+++ Records for the exercise +++
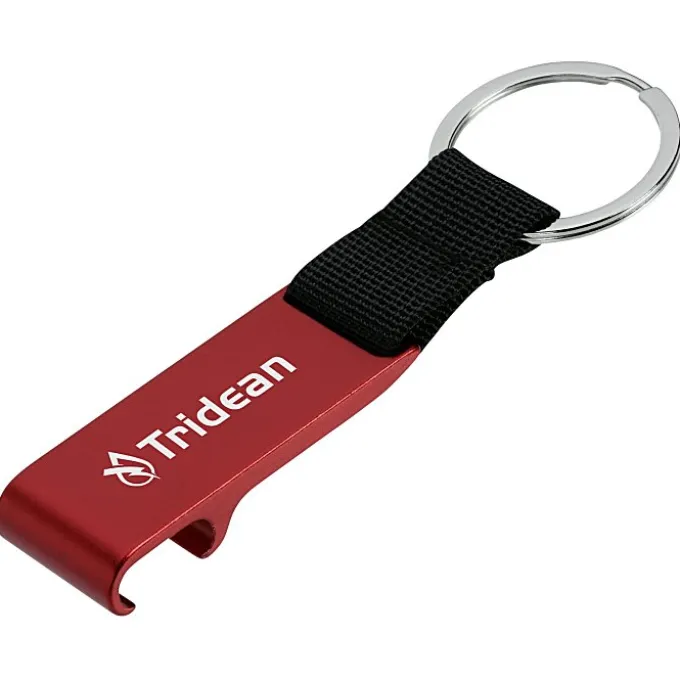 Denver Bottle Opener Keychain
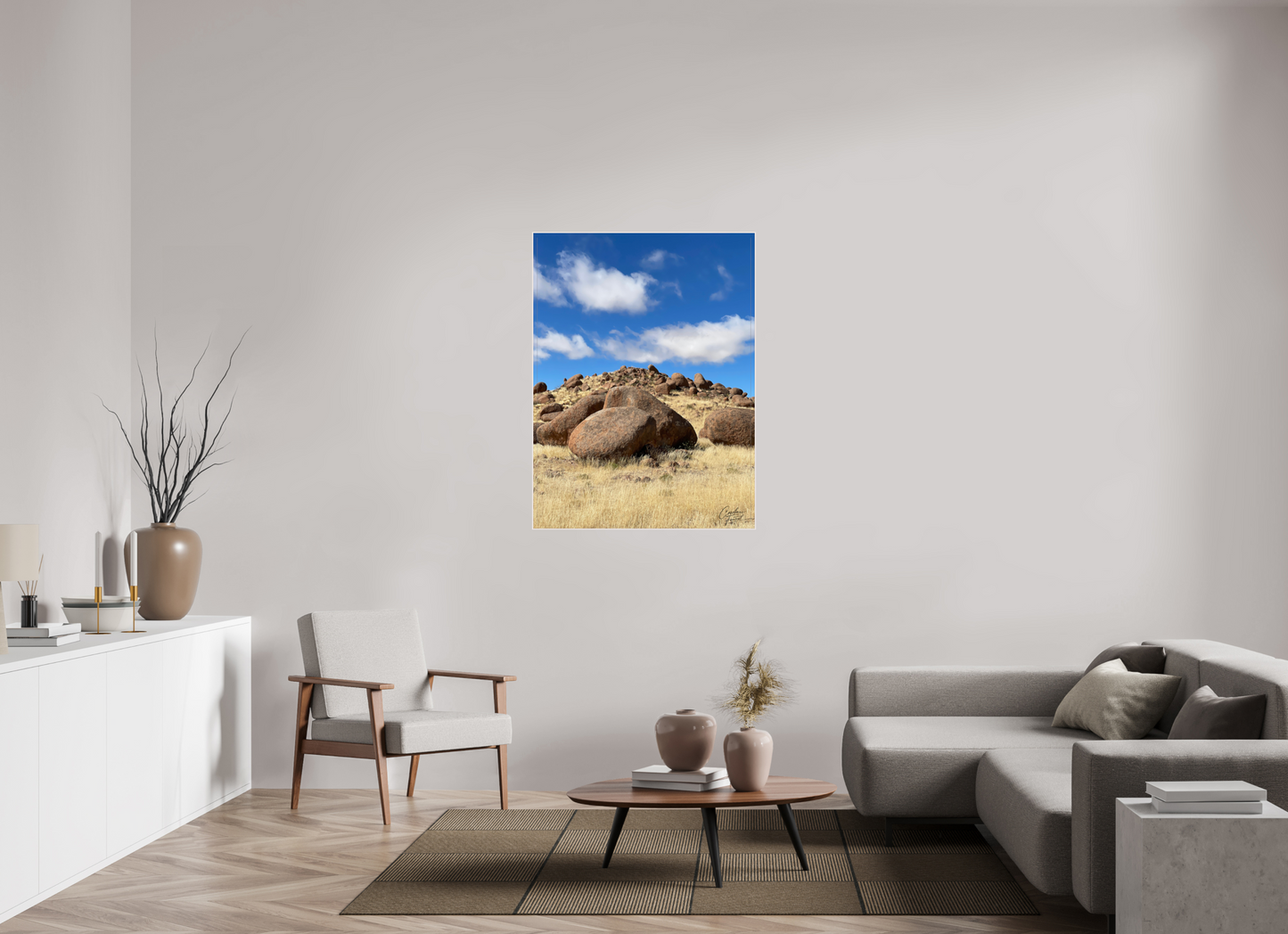 Rocky Horizon (Caroline Fourest)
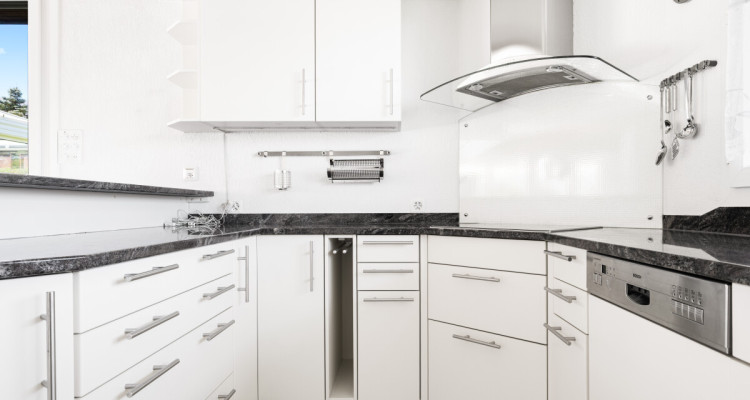 5.5 Zi. Familienparadies mit Pool, grossem Garten und Privatsphäre image 4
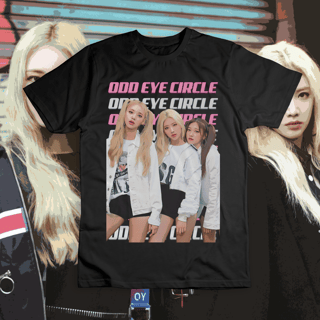 Nome do produto Camiseta 'ODD EYE CIRCLE'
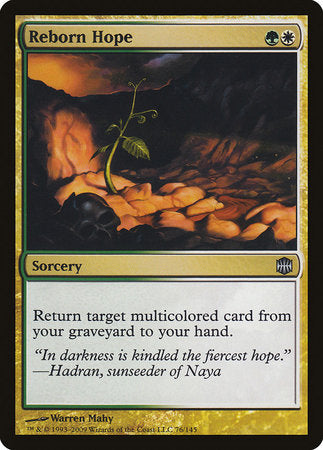Reborn Hope [Alara Reborn]-1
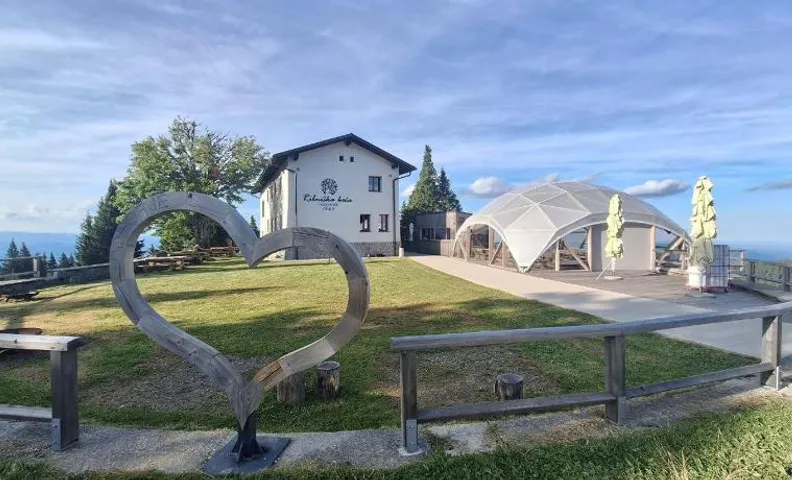 Ribniška koča
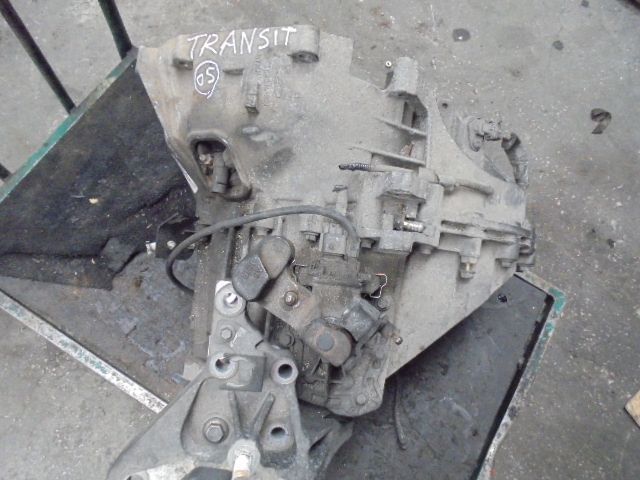 Caixa de velocidades Ford Transit 05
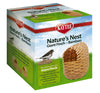 Giant - 6 count Kaytee Natures Nest Bamboo Finch Nest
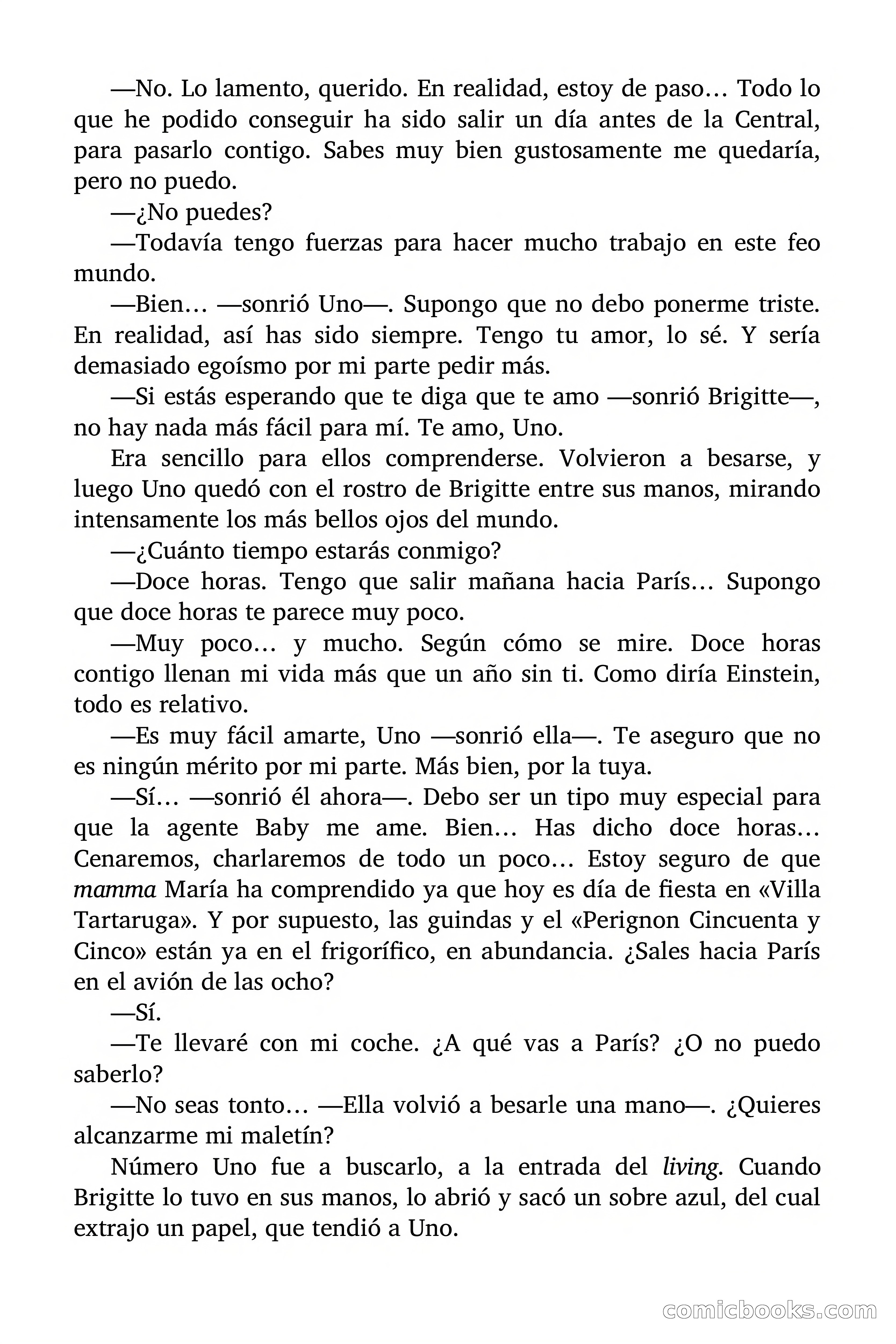 Brigitte en Acción — page 10 of 98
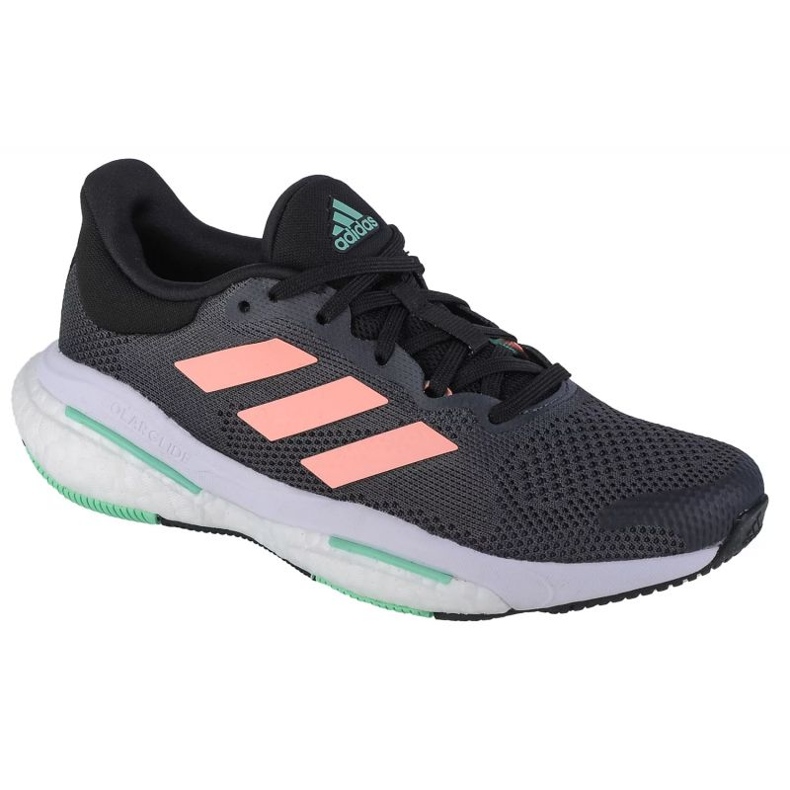 Tênis Adidas Solar Glide 5 W GX5495 cinza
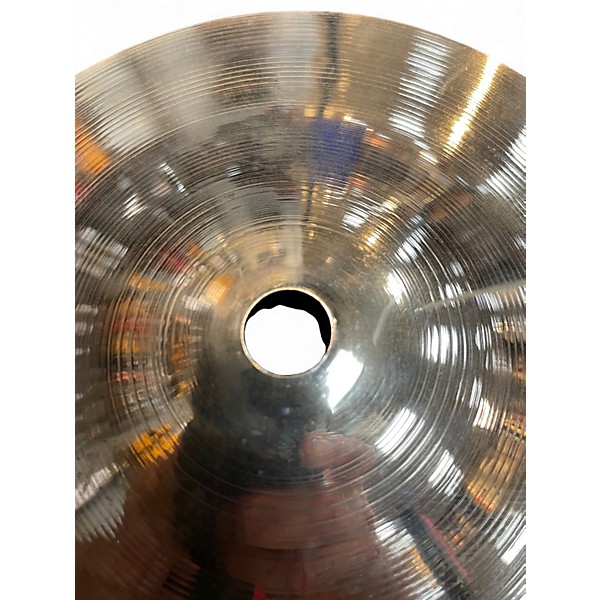 Used Zildjian 6.5in A Custom Splash Cymbal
+++
• [What is needed]:
Make a word-for-word copy of the entries, without any pictures.

• [Solution to this problem]:
 Denver Bottle Opener Keychain
 Rocky Horizon (Caroline Fourest)
 5.5 Zi. Familienparadies mit Pool, grossem Garten und Privatsphäre image 4
 Nome do produto Camiseta 'ODD EYE CIRCLE'
Reborn Hope [Alara Reborn]-1
 Ribniška koča
 Caixa de velocidades Ford Transit 05
 Giant - 6 count Kaytee Natures Nest Bamboo Finch Nest
 Brigitte en Acción — page 10 of 98
 Tênis Adidas Solar Glide 5 W GX5495 cinza
 Used Zildjian 6.5in A Custom Splash Cymbal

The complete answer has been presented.